Principle 5: It's always un@safe to copy a declaration scope from a higher scopedepth to a reference variable stored at lower scopedepth. DIP69 tries to banish this type of thing only in `scope` variables, but I'm not afraid to banish it in all @safe code period:

For backwards compatibility reasons, it might be better to restrict it to `scope` variables. But as all references in @safe code should be implicitly `scope`, this would mostly have the same effect.

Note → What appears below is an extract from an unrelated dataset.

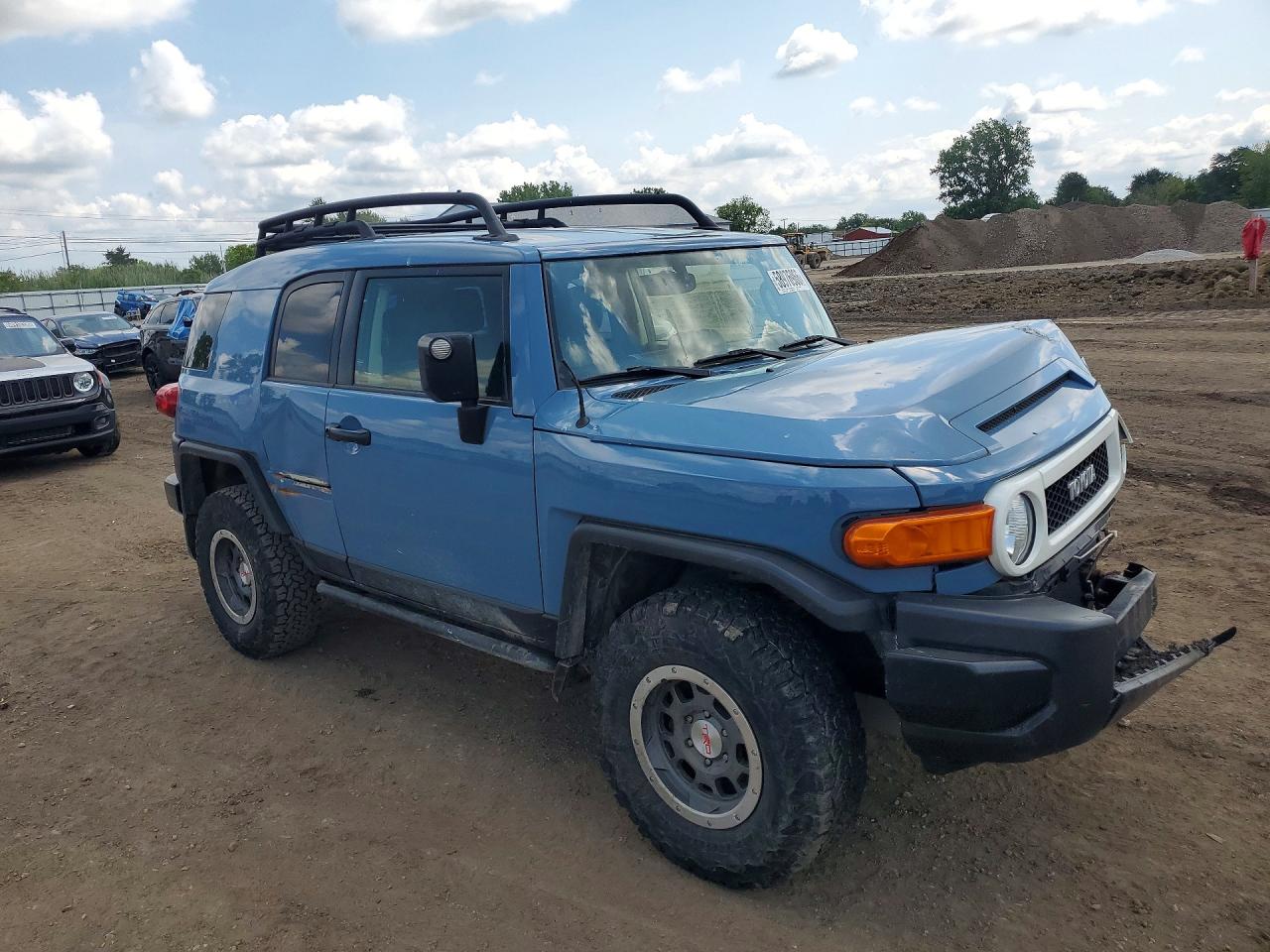 2014 Toyota Fj Cruiser Base Blue vin: JTEBU4BF2EK193880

Principle 6: Reference variables: Any data which stores a reference is a "reference variable". That includes any pointer, class instance, array/slice, `ref` parameter, or any struct containing any of those. For the sake of simplicity, I boil _all_ of these down to "T*" in this proposal. All reference types are effectively the _same_ in this regard. DIP25 does not indicate that it has any interest in expanding beyond `ref` parameters. But all reference types are unsafe in exactly the same way as `ref` is. (By the way, see footnote [1] for why I think `ref` is much different from `scope`). I don't understand the restriction of dIP25 to `ref` paramteres only. Part of my system is to expand `return` parameter to all reference types.

Fully agree with the necessity to apply it to all kinds of references, of course.

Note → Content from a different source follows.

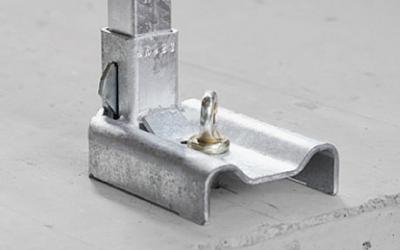 Seitenschutzsystem XP  -  Befestigung von Betondecken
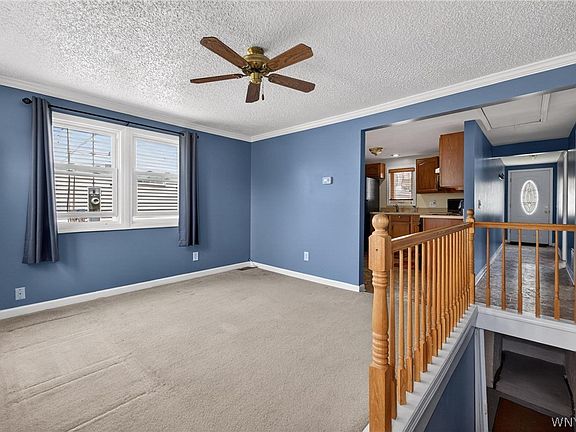 4th image of 255 Roland St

Principle 8: Any time a reference is copied, the reference
  ^^^^^^^^^^^
  Principle 7 ?
scope inherits the *maximum* of the two scope depths:

T* gru() {
  static T st; // decl depth(0)
  T t; // decl depth(1)
  T* tp = &t; // ref depth(1)
  tp = &st; // ref depth STILL (1)
  return tp; // error!
}

If you have ever loaded a reference with a local scope, it retains that scope level permanently, ensuring the safety of the reference.

Why is this rule necessary? Can you show an example what could go wrong without it? I assume it's just there to ease implementation (avoids the need for data flow analysis)?

T* fun(T* a, T* b, T** c) {
  // the function's "return scope" accumulates `a` here
  return a;
  T* d = b; // `d's reference scope accumulates `b`

  // the return scope now accumulates `b` from `d`
  return d;

  *c = d; // now mutable parameter `c` gets `d`

  static T* t;
  *t = b; // this might be safe, but only the caller can know
}

All this accumulation results in the implicit function signature:

T* fun(return T* a, // DIP25
       return noscope T* d, // DIP25 and DIP71
       out!b T** c  // from DIP71
       ) @safe;

I supposed that's about attribute inference?

Principle 10: You'll probably have noticed that all scopes accumulate each other according to lexical ordering, and that's good news, because any sane person assigns and return references in lexical order.

As you say, that's broken. But why does it need to be in lexical order in the first place? I would simply analyze the entire function first, assign reference scopes, and disallow circular relations (like `a = b; b = a;`).

Conclusion

1. With this system as foundation, an effective ownership system is easily within reach. Just confine the outgoing scopes to a single parameter and no globals, and you have your ownership. You might need another (rare) function attribute to help with this, and a storage class (e.g. `scope`, `unique`) to give you an error when you do something wrong, but the groundwork is 90% laid.

It's not so simple at all. For full-blown unique ownership, there needs to be some kind of borrow-checking like in Rust. I have some ideas how a simple borrow-checker can be implemented without much work (without data flow analysis as Rust does). It's basically my "const borrowing" idea (whose one flaw incidentally cannot be triggered by unique types, because it is conditioned on the presence of aliasing).

There are still some things in the proposal that I'm sure can be simplified. We probably don't need new keywords like `noscope`. I'm not even sure the concept itself is needed.

That all said, I think you're on the right track. The fact that you don't require a new type modifier will make Walter very happy. This looks pretty good!